Living Shoreline and Oyster Reef Restoration in Mosquito Lagoon – Following last years’ successful grant partnership between CCA Florida, UCF and the Marine Discovery Center ($88,585, along with an in-kind match of $88,106), CCA volunteers continue to assist with the restoration work in 2020. The grant funding is being used to continue UCF’s highly successful oyster reef restoration and living shoreline stabilization in Mosquito Lagoon. CCA continues to provide volunteers and boat support for their program, with several events already completed in 2020.
John Michael Baker Memorial Reef – On April 29-30, 2020, CCA Florida and the Broward Chapter deployed 25 concrete structures weighing 200,000 pounds over 2 days on the John Michael Baker Memorial Reef. This is the third deployment of many, in memorial of John Michael Baker, a CCA member, avid diver and angler who passed away in a tragic boating accident in 2015. The projects were led by members of the CCA Broward Chapter for a permitted area just offshore of Fort Lauderdale between Oakland Park Blvd. and Birch State Park in 70 feet of water.
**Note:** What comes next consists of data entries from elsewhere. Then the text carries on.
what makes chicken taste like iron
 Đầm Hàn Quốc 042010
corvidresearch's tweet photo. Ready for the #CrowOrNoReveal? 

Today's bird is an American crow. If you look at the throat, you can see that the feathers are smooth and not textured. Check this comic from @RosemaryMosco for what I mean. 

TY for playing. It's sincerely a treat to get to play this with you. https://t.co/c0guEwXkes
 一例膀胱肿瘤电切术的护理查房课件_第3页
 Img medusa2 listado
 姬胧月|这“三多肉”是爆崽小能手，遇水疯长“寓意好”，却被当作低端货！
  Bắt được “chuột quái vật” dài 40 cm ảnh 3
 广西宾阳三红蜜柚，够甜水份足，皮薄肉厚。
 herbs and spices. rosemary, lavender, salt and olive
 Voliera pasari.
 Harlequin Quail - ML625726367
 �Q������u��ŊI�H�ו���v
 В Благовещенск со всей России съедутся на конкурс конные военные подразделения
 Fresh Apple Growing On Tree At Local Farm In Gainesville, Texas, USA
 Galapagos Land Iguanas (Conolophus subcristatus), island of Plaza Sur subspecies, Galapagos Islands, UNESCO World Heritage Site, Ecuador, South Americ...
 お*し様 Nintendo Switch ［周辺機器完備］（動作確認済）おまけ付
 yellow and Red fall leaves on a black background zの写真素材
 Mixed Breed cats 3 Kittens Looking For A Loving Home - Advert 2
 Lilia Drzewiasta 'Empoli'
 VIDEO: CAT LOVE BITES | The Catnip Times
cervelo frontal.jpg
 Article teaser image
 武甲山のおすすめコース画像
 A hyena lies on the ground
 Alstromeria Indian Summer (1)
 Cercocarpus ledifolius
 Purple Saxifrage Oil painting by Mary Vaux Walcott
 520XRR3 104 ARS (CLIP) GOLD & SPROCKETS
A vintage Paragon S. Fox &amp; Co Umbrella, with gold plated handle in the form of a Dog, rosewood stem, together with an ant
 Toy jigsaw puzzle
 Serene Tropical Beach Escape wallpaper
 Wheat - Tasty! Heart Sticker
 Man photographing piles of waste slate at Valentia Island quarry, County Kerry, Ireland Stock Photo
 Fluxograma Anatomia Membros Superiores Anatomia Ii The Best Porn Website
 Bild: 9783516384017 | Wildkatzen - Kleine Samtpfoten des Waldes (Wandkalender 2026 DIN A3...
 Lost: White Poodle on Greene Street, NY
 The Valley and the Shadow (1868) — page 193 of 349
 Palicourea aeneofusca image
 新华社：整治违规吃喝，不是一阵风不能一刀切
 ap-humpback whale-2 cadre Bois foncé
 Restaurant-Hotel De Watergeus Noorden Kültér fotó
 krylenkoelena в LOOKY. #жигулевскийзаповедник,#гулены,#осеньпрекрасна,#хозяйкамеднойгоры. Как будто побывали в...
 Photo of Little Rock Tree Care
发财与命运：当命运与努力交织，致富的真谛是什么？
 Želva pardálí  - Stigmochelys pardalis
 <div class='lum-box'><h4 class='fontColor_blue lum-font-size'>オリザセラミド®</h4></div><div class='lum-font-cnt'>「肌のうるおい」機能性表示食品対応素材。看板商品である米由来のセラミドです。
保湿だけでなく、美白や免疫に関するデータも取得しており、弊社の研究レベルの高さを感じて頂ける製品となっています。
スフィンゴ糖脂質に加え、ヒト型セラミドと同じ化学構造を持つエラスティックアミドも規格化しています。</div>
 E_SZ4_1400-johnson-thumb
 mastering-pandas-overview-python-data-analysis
Phoenix Reef – CCA Florida is working with Lee County, Ingman Marine and the Charlotte Chapter to plan the second deployment on the Phoenix Reef. The first deployment was successfully completed on November 30, 2018 in approximately 50-feet of water (26° 45.582’, -82° 28.443’). Ingman Marine has generously stepped up again and donated $10,000 towards the second deployment with a goal of adding to the reef annually to make it one of the largest reefs in southwest Florida. Lee County plans on deploying approximately 1,000 tons of clean concrete on the Phoenix Reef this year with CCA.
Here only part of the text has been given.